Non-annotated locus (ATNG-47) with tissue-specific expression. A, Dot plot of expression of ATNG-47 transcript in root (see Figure  4) and B, rosette (pooled ED/EN) clusters (see Figure  2). The color scale denotes the relative expression (average per cell). The dot size is scaled to the proportion of cells per cluster with ATNG-47 expression. C, Schematic representation of ATNG-47 transcript located on chromosome 4 on the negative strand, partially overlapping with AT4G29780 and AT4G03255 on the positive strand.
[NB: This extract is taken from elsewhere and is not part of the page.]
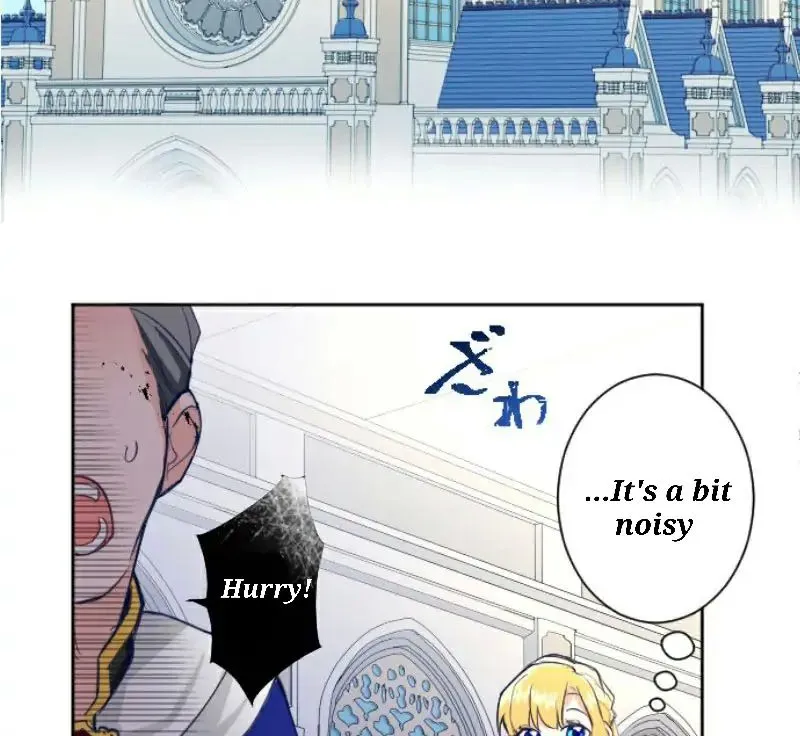 Kizu Darake Seijo Yori Houfuku wo Komete Zinmanga X Chapter 1 Page 64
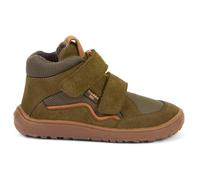 Froddo - Kid's Barefoot Tex Autumn - Scarpe a piedi nudi EU 30 verde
Arrows indicate strand-specific primers (FP, forward primer; RP, reverse primer) used to detect ATNG-47. D, ATNG-47 amplification (1,050 bp region in exon 3) using negative strand-specific cDNA library. E, ACTIN2 (ACT2) primers spanning an intron so that cDNA PCR results in a 246 bp band and gDNA results in a 332 bp band. 246 bp band in the cDNA samples confirms gDNA absence in cDNA libraries.